We ordered a shrimp cocktail ($9 or so) which came with 5 medium-sized prawns. Additional shrimp were $2 / each (our waitress didn't think we should order more). When that arrived at our table we had a few bites -- I wasn't expecting much, but it did taste like United Supermarket frozen shrimp, in my opinion. No flavor what-so-ever.
For dinner we each ordered the Filet Mignon, with the "Double Nickel Salad" and a side of Asparagus. I had a 12oz, and my wife had an 8oz. Our salads were great -- an infusion of spring mix salad with caramel apple tastes and blue cheese. The most surprising aspect of it was when you bit into an apple, a candied nut, and a blue cheese chunk at the same time. The taste is not ... traditional, but for those who are a bit varied, it was wonderful.
A few more minutes went by and our dinners were served, during which time we decided that the plates were very ugly. Obviously, that's subjective, but I thought that the plates and bowls would look more at home at a Chinese buffet table. The steaks looked and smelled terrific, but after a few bites into mine, I realized that the back half of the steak was cold. Cold like a refrigerated soda can. I called our waitress over, and she whisked it away on our butter plate (from the bread) to reheat it.

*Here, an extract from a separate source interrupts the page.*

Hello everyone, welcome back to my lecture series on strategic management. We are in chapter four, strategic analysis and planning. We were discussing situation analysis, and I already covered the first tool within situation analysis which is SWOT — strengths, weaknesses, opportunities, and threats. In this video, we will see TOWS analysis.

While I was waiting on a re-heat of what must have been due to one of:
- A pre-cooked and then cooled steak
- An errant cook didn't turn the meat, and that side was never directly heated
- They don't use hot plates to keep the food hot while waiting for the side items
I did like two of four sides. The creamed corn was very good, and appeared to have some sort of molasses in it, making it sweet. The whipped potatoes were very good as well. The tomato slice was .... dubious. It wasn't great, nor horrible. I couldn't decide if it was pan seared, or baked for a few minutes, because it wasn't crisp, and it wasn't mushy. Something in between. The last side item was a deep-fried (I assume) cheese stick, which I didn't much care for.

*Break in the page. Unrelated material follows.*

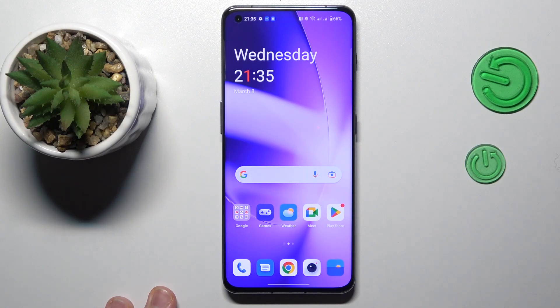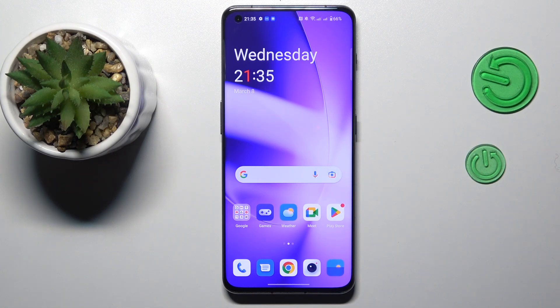Hello everybody, we are glad to welcome you on the Hard Resetting YouTube channel, and today I would like to demonstrate how you can clear cache on a OnePlus phone.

Our tab ended up being around $100, plus another $20 for tip. I did notice that the combination of carpet, lighting, shoes, and college-aged wait staff meant that there were a lot of people tripping over themselves, and almost falling on their faces while serving people. This was more than humorous to me.
Overall, I'd say that it's probably one of the better places to have a steak in Lubbock. There's a plaque on the wall stating that it's the 9th best steak house in Texas, according to someone who ranks steak houses. I wouldn't go that far, but would say it has some of the tastiest food in Lubbock -- and is quite above the average franchise or chain that is so common in this town.